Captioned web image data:
___
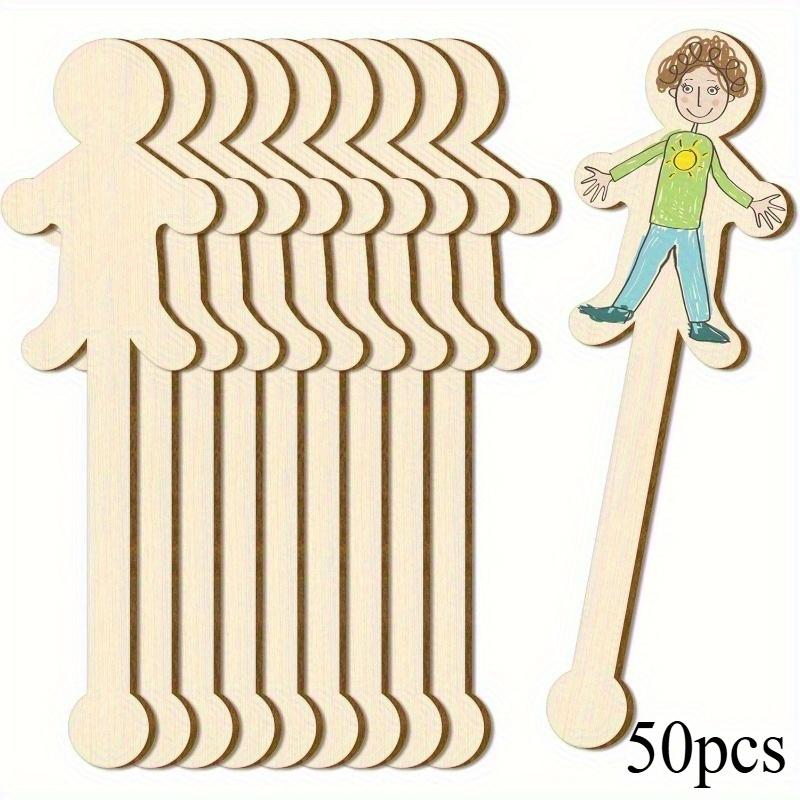 Wooden Craft Sticks | Humanoid Shape, Unisex Arts & Crafts Supplies for Classroom, Home Decor, and Creative Projects
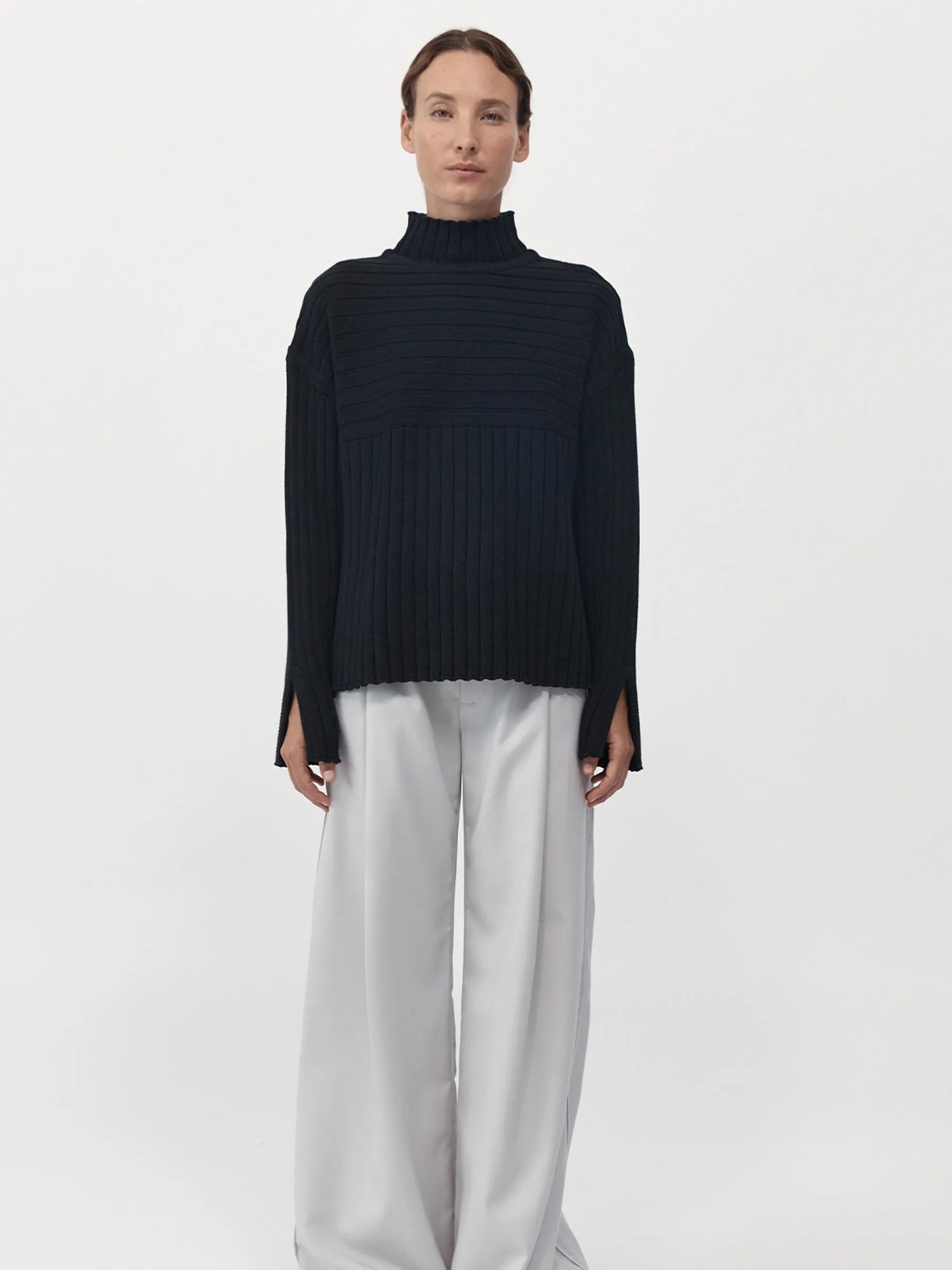 Mock Neck Rib Knit Jumper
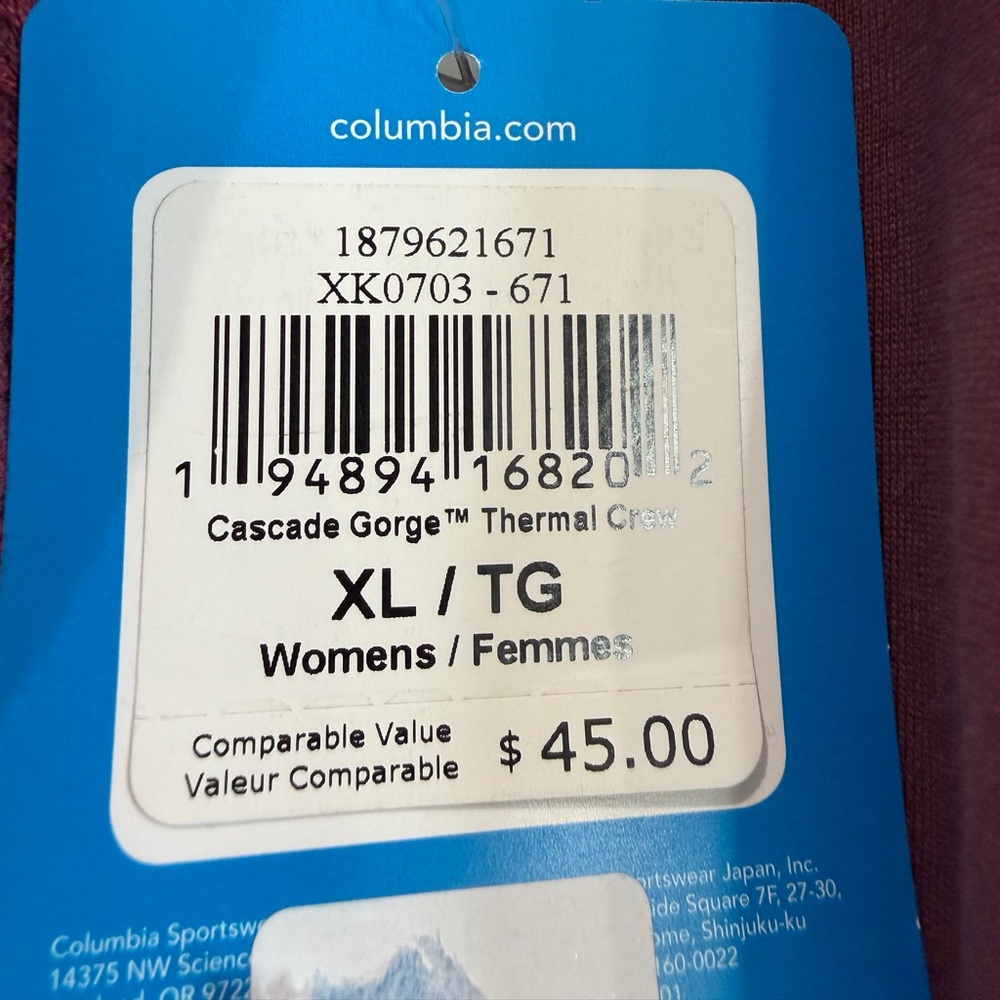 Columbia Women's Cascade Gorge Thermal Long Sleeve Top - Burgundy - Picture 6 of 7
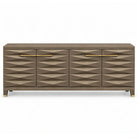 Cassis Sideboard Grey Taupe Textured Oak Veneer 4 Door with Brass Handles - Grey Taupe Berkeley Designs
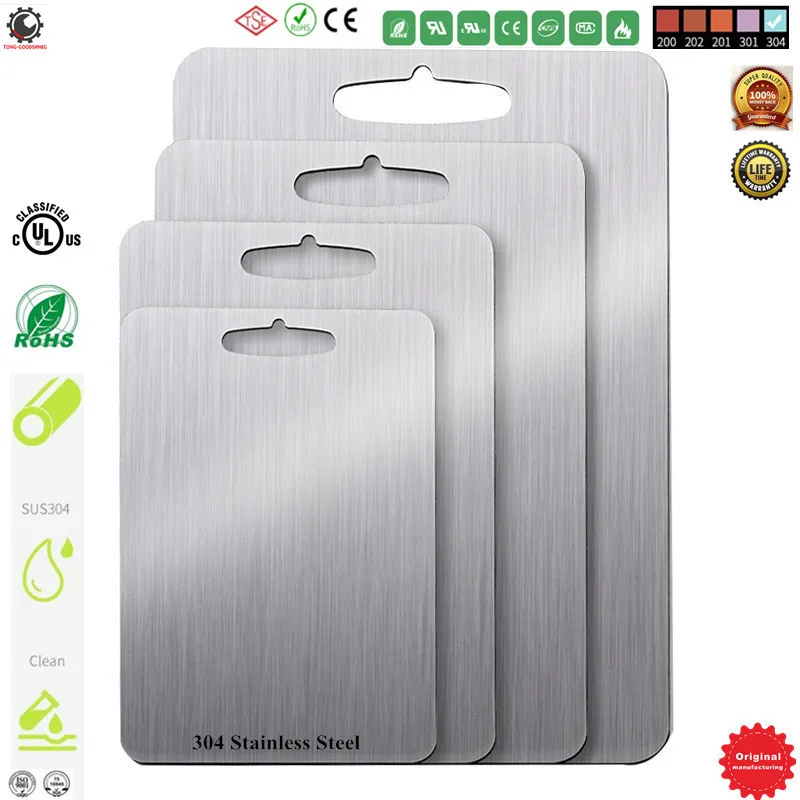 

SUS 100% 304 Stainless Steel Cutting Boards for Kitchen,Multipurpose Chopping Board,Non-Slip,Easy Grip,Dishwasher and Oven Safe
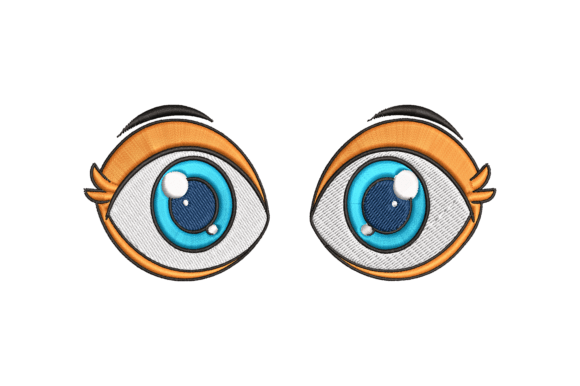 Cute Eyes Embroidery Design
___
Problem details:
When you reach the line containing "Mock Neck Rib Knit Jumper" in the entries above, please retype it and each line after it through the last one, exactly, without the pictures.

Written response:
 Mock Neck Rib Knit Jumper
 Columbia Women's Cascade Gorge Thermal Long Sleeve Top - Burgundy - Picture 6 of 7
 Cassis Sideboard Grey Taupe Textured Oak Veneer 4 Door with Brass Handles - Grey Taupe Berkeley Designs

SUS 100% 304 Stainless Steel Cutting Boards for Kitchen,Multipurpose Chopping Board,Non-Slip,Easy Grip,Dishwasher and Oven Safe
 Cute Eyes Embroidery Design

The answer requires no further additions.